**Material supplied**
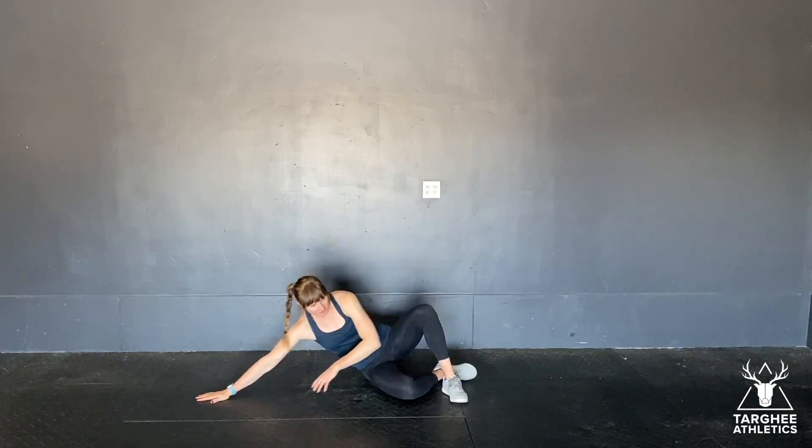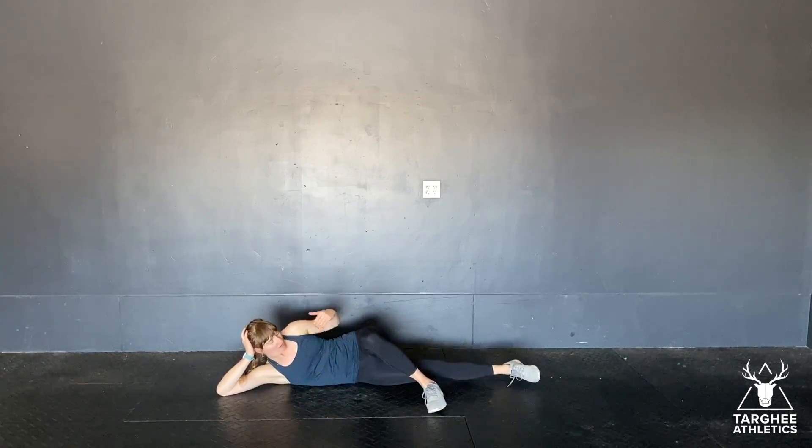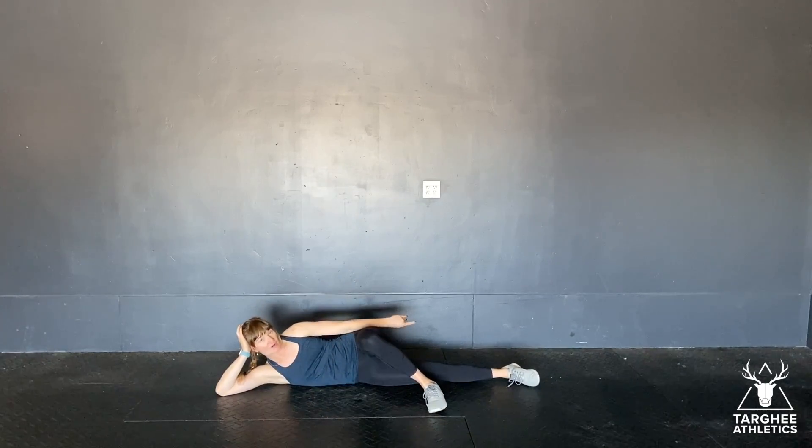These are side lying adductor lifts. You'll be lying on your side, the top leg is going to come up and over, and your bottom leg is going to be straight out in front — so your heel is in line with your hip.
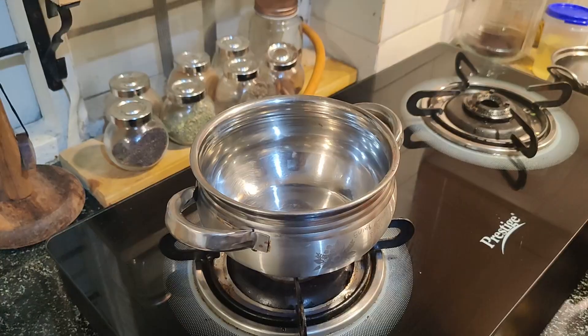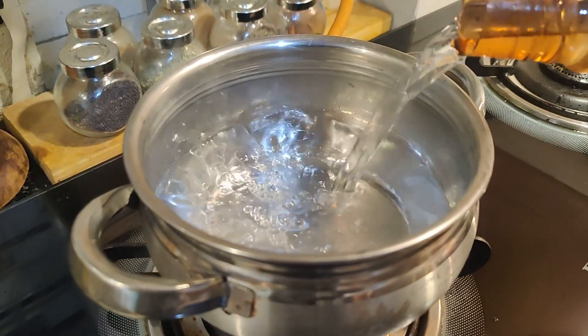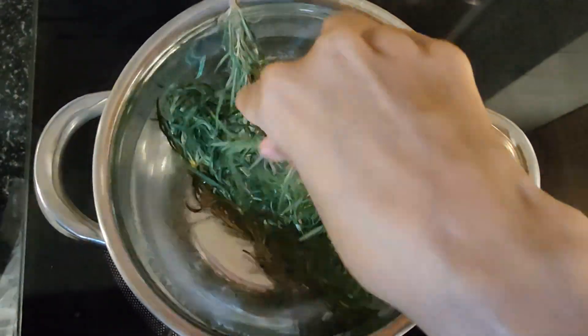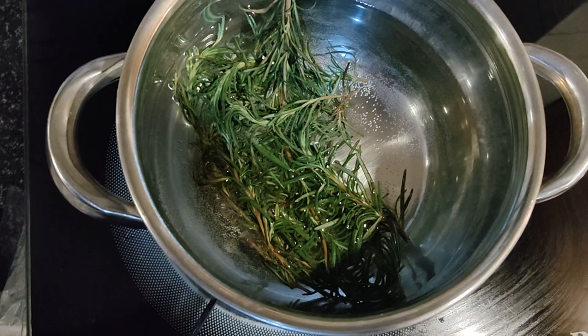Everyone in my family likes to use it — Deepak also uses it. All you have to do is take a steel utensil to make this in. You are going to take filtered water — do not take tap water or any water that could have been used for something else. Use drinking water, and take as much as you want. You can make a lot of this. To this you are going to add a nice, fresh, generous amount of curry leaves with the stem.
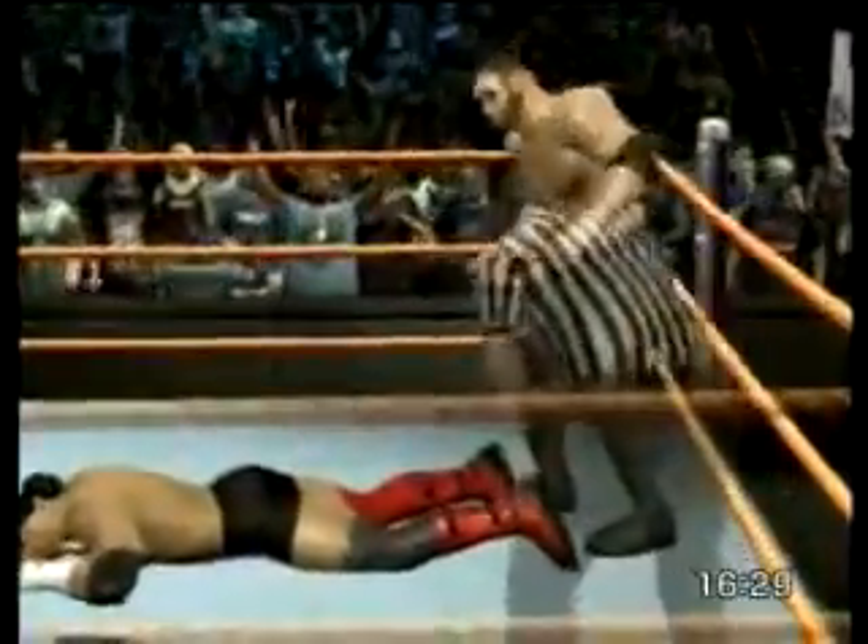Oh my gosh, he might make his opponent tap right here. He's intent on leaving a mark on the opponent. The submission is locked in — this could be huge! Oh my gosh, you can't go long without tapping after this.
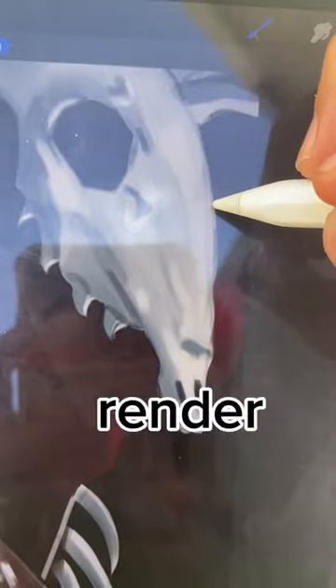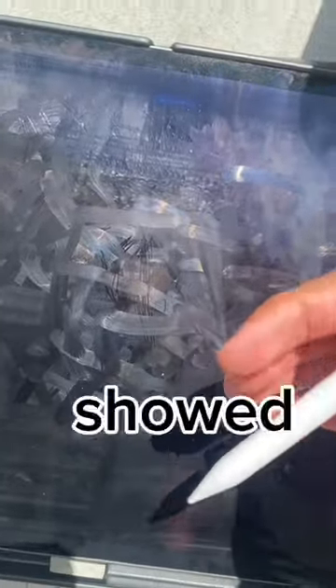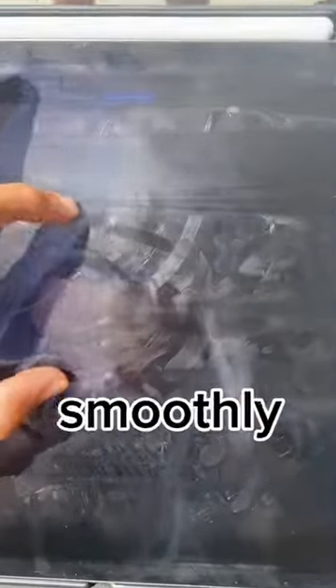I was trying to render my character, but the glare from the sun in the sky showed just how many fingerprints I had from undoing. Other than that, my process went smoothly and honestly I had no issue.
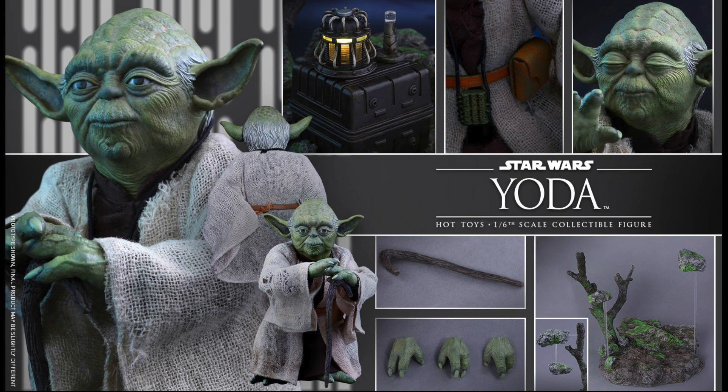You can pre-order him right now at Sideshow Collectibles for $200. Considering he does come with quite a bit of accessories including a diorama base which has a rock that looks like you can use the Force — that's actually a really cool thing — and the light-up power container, I think that's not too bad at all.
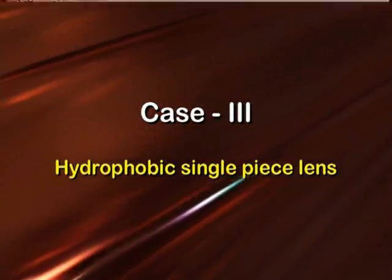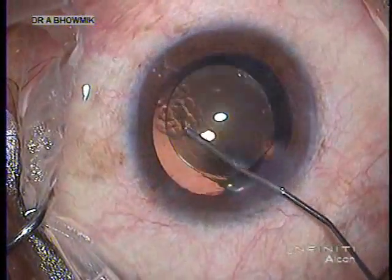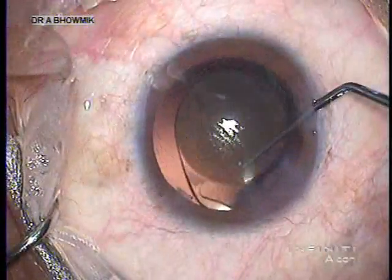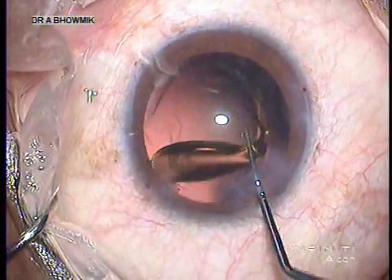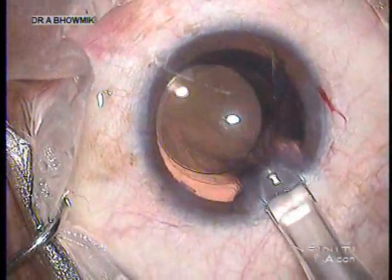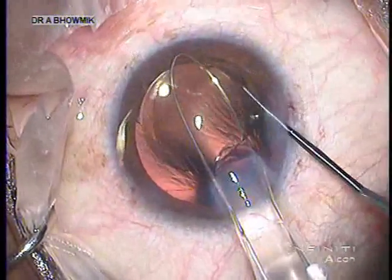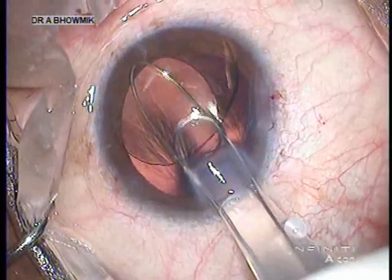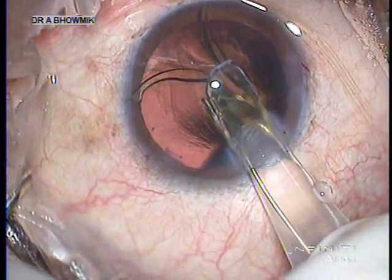A grossly inaccurate biometry led to the explantation of a one-day-old hydrophobic lens. The same corneal tunnel was reopened. Viscoelastic was introduced into the anterior chamber and within the bag to separate the lens from the posterior capsule, and the lens was prolapsed into the anterior chamber. The modified cartridge with the snare was prepared and introduced. A Sinski hook engaged the lens into the snare loop — it is very important to keep the tip of the cartridge in the anterior chamber as it requires more space to open. With gentle pulling of the snare, the lens obediently refolded and was explanted through the same cartridge.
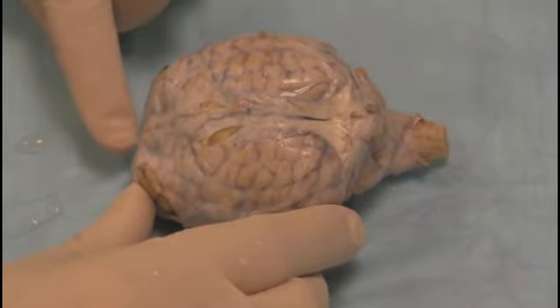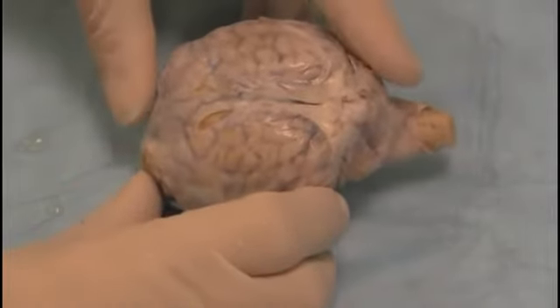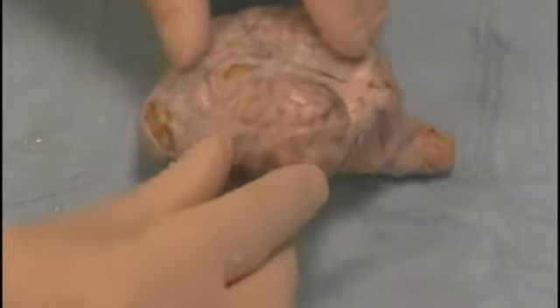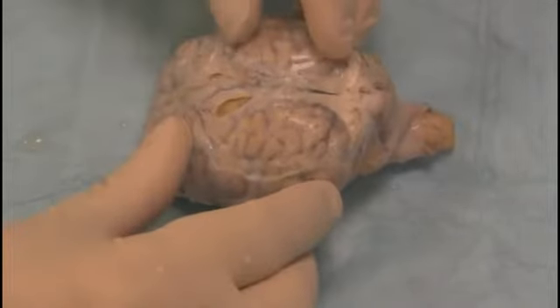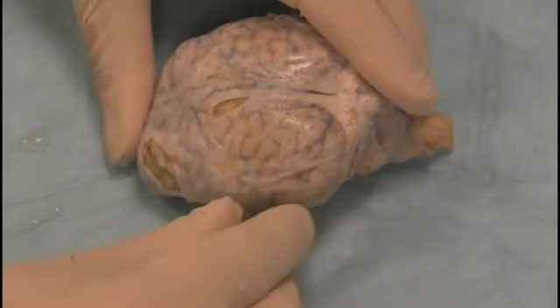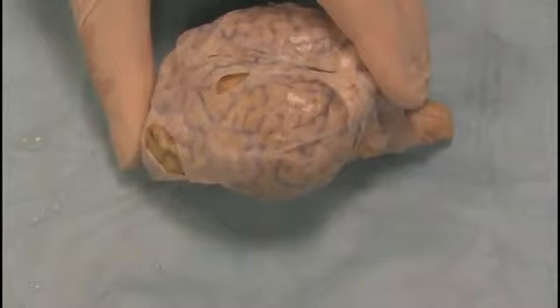This is the rostral end, where the nose is, and this is the caudal end, where the spinal cord is. The first thing we can see is that the brain is covered all over by a very thick, protective membrane. So the first thing we're going to do is get rid of the membrane so we can get a closer look at the brain structures.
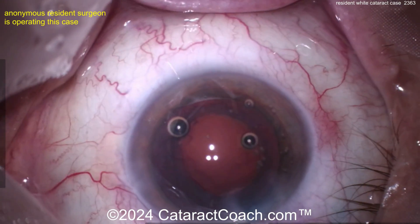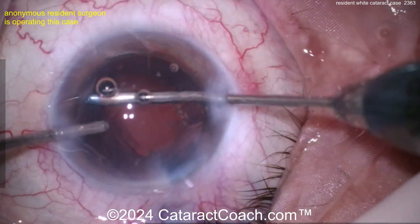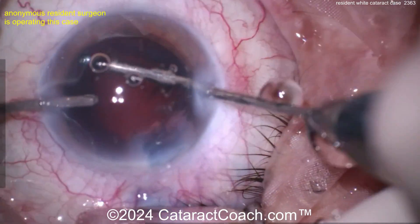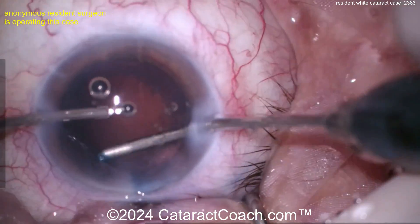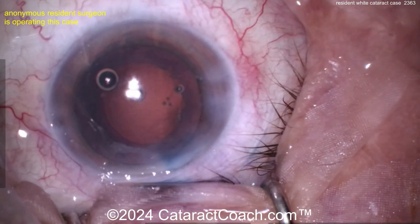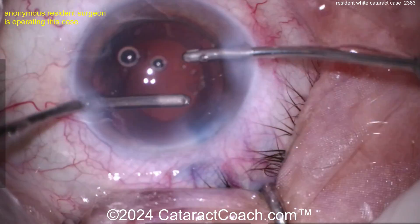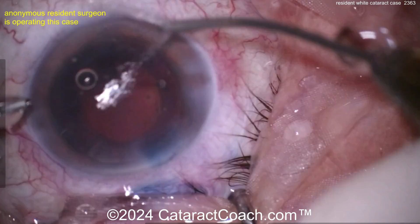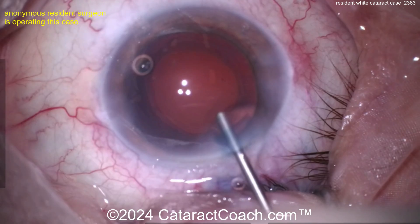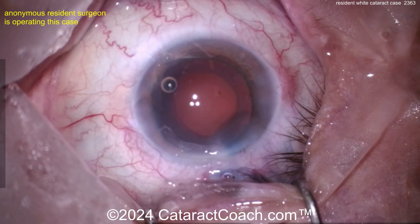Nucleus all cleaned up — now time for cortex removal to finish up the case. You should definitely learn how to do a white cataract in your residency training program. The bimanual approach for cortex removal is always good — gives you fine access. There is technically another incision but it's just a small paracentesis with no consequential effects. You can switch hands and clean up the other way. You see what I mean about the draping — you could put some plastic drape there and really get the lashes out of the way.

**Problem description**
Repeat the entries exactly as they are given, leaving out each image.

**Expected answer**
These are side lying adductor lifts. You'll be lying on your side, the top leg is going to come up and over, and your bottom leg is going to be straight out in front — so your heel is in line with your hip.
Everyone in my family likes to use it — Deepak also uses it. All you have to do is take a steel utensil to make this in. You are going to take filtered water — do not take tap water or any water that could have been used for something else. Use drinking water, and take as much as you want. You can make a lot of this. To this you are going to add a nice, fresh, generous amount of curry leaves with the stem.
Oh my gosh, he might make his opponent tap right here. He's intent on leaving a mark on the opponent. The submission is locked in — this could be huge! Oh my gosh, you can't go long without tapping after this.
I was trying to render my character, but the glare from the sun in the sky showed just how many fingerprints I had from undoing. Other than that, my process went smoothly and honestly I had no issue.
You can pre-order him right now at Sideshow Collectibles for $200. Considering he does come with quite a bit of accessories including a diorama base which has a rock that looks like you can use the Force — that's actually a really cool thing — and the light-up power container, I think that's not too bad at all.
A grossly inaccurate biometry led to the explantation of a one-day-old hydrophobic lens. The same corneal tunnel was reopened. Viscoelastic was introduced into the anterior chamber and within the bag to separate the lens from the posterior capsule, and the lens was prolapsed into the anterior chamber. The modified cartridge with the snare was prepared and introduced. A Sinski hook engaged the lens into the snare loop — it is very important to keep the tip of the cartridge in the anterior chamber as it requires more space to open. With gentle pulling of the snare, the lens obediently refolded and was explanted through the same cartridge.
This is the rostral end, where the nose is, and this is the caudal end, where the spinal cord is. The first thing we can see is that the brain is covered all over by a very thick, protective membrane. So the first thing we're going to do is get rid of the membrane so we can get a closer look at the brain structures.
Nucleus all cleaned up — now time for cortex removal to finish up the case. You should definitely learn how to do a white cataract in your residency training program. The bimanual approach for cortex removal is always good — gives you fine access. There is technically another incision but it's just a small paracentesis with no consequential effects. You can switch hands and clean up the other way. You see what I mean about the draping — you could put some plastic drape there and really get the lashes out of the way.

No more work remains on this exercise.